Both the Department of Social Services and the Department of Elementary and Secondary Education have reduced funding for early childhood education. Some low-income parents find it difficult to provide good care for their children after they lost free services.
Kristin Walker is a single mother who works eight to 12 hours during the day. In the evening, she is a full time student working on her second degree in nursing. She had to wait two years before she could enroll her daughter Mackenzie in the Early Head Start class this March. However, Mackenzie's free care at Jefferson City Daycare Center only lasted for four months. Walker lost her slot during a $3 million budget cut in the state-funded Early Head Start program. Now Walker has to pay $260 every month in order to put Mackenzie in the same daycare center.
"Being a single parent, I think it is a huge portion of your income," Walker said.
360 families in Missouri have lost state-funded Early Head Start services since July. In addition to cuts to Early Head Start, the Department of Social Services has also seen a $3.07 million budget cut from Accreditation Facilitation Services and $3.69 million from the Start-Up/Expansion program.
Money for early childhood education under the Department of Elementary and Secondary Education has been cut, too.
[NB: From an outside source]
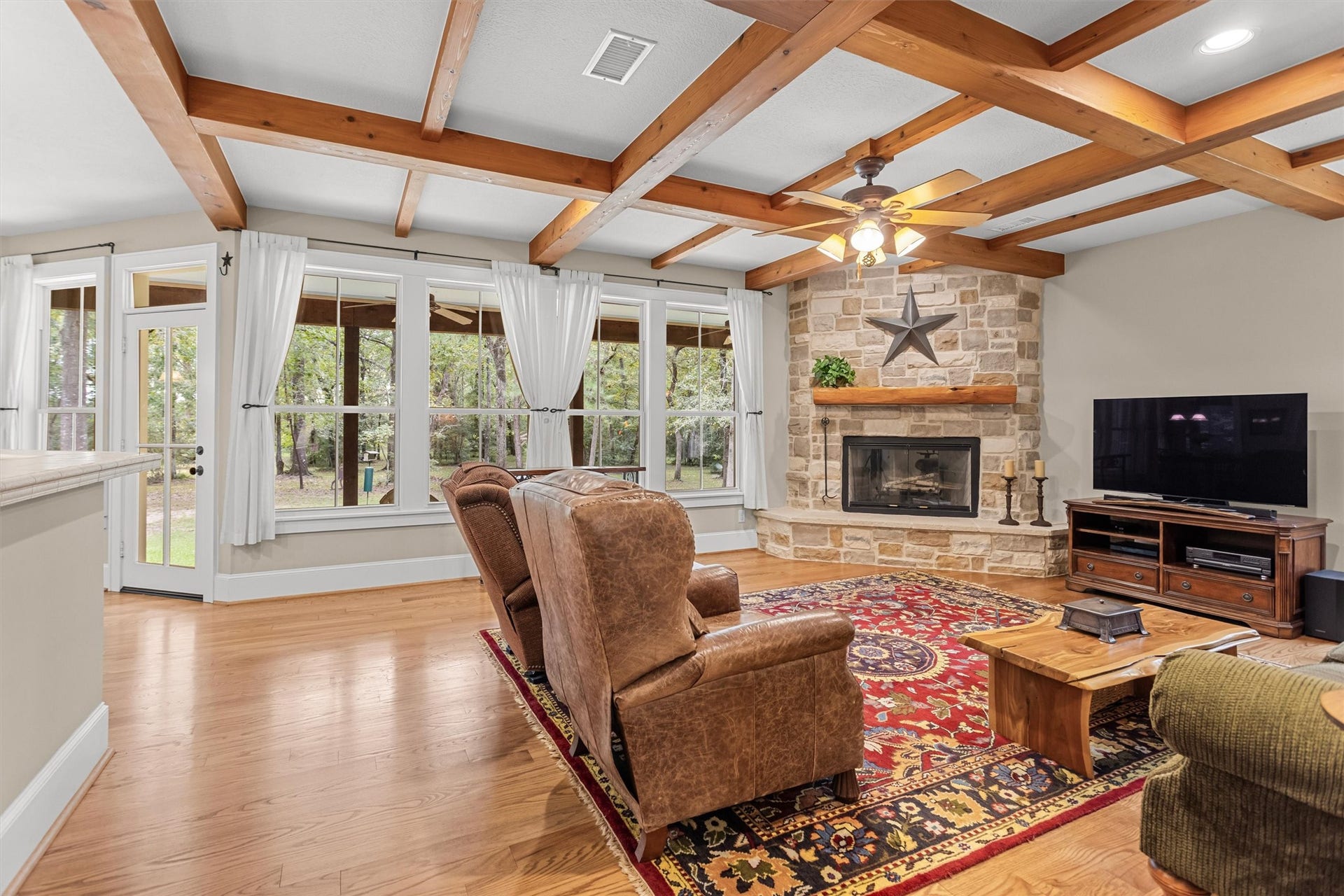 18181 Rabon Chapel Road, Montgomery, TX 77316 Beamed ceilings and a stone fireplace anchor the living room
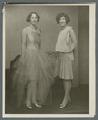 Two women in dance or formal dresses, circa 1925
The Missouri Preschool Project core, which used to create new preschool classrooms, was reduced from $11.7 million to $8.3 million. As a result, there will be no awards for new MPP classes this fiscal year.
Jean Ispa is the co-chair of the MU Department of Human Development and Family Studies. Ispa said children who lack of good childhood education might feel difficult to catch up with peers.
"You know whenever you start with a shaky foundation, it's harder to build on it and change it," Ispa said. "It's a lot easier to start well, and then you can keep building on it."
The state has launched a "Top 10 by 20" initiative, which aims to rank Missouri students' achievement among the top 10 states by 2020. Goal 2 of this initiative addresses early childhood education. However, some strategies and actions under this goal are in jeopardy because of budget cuts.
DESE Communications Coordinator Sarah Potter said, "We know that compared to other states, the funding is very low. We were around 35th before, and we have even less funding now. So our state keeps falling in terms of support early childhood education."
Potter said DESE plans to submit a supplemental budget request for early childhood education in January, 2013.